Does Mistress wish to dress like a man?
“Mistress had not yet dressed,” she said. She then went to the sliding doors at the side of the room, and moved them aside. Thus were revealed the habiliments of what was apparently an extensive and resplendent wardrobe. She brought forth a lovely, brief, lined, sashed, shimmering yellow-silk robe and, holding it up, displayed it for me.
I was much taken by it, but it seemed almost excitingly sensuous.
“Have you nothing simpler, nothing plainer, nothing coarser?” I asked.
“Something more masculine?” asked the girl.
“Yes,” I said, uncertainly. I had not really thought of it exactly like that, or not consciously, but it now seemed to me as if that might be right.
“Does Mistress wish to dress like a man?” she asked.
“No,” I said, “I suppose not. Not really.”
“I can try to find a man’s clothing for Mistress if she wishes,” said the girl.

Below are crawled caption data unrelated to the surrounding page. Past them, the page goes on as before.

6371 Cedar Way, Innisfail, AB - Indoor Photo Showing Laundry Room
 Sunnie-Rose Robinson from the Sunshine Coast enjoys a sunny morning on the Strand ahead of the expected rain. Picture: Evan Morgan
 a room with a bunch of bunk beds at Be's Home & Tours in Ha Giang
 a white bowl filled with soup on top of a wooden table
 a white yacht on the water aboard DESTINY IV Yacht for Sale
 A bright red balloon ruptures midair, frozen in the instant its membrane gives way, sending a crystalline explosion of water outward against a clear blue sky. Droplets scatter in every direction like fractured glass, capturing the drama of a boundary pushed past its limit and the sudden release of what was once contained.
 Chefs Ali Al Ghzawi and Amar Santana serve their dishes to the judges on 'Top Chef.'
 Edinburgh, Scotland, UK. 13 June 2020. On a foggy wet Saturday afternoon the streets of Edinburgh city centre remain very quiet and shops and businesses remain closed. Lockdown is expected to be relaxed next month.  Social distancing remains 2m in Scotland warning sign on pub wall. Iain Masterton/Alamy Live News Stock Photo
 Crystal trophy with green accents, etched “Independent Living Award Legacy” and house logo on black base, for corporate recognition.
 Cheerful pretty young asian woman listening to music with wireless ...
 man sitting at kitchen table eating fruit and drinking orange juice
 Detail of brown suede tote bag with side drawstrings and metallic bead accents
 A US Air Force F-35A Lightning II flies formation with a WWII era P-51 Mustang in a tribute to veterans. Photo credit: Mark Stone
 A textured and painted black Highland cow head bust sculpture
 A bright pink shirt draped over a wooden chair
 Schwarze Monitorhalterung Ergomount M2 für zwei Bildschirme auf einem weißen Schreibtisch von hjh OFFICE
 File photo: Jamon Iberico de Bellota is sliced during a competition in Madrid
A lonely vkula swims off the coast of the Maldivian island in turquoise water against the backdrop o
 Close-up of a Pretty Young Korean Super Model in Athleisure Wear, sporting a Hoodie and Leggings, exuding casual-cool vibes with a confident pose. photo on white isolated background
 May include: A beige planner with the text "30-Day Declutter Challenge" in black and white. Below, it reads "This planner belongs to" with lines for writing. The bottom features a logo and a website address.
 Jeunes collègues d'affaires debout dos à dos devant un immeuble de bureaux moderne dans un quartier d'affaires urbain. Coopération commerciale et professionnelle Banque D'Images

“No,” I said. “No.” It was not really that I wanted to wear a man’s clothing, literally. It was only that I thought that it might be better to wear a more mannish type of clothing. After all, had I not been taught that I was, for most practical purposes, the same as a man, and not something deeply and radically different? Too, such garb has its defensive purposes.
Is it not useful, for example, in helping a girl to keep men from seeing her as what she is, a woman?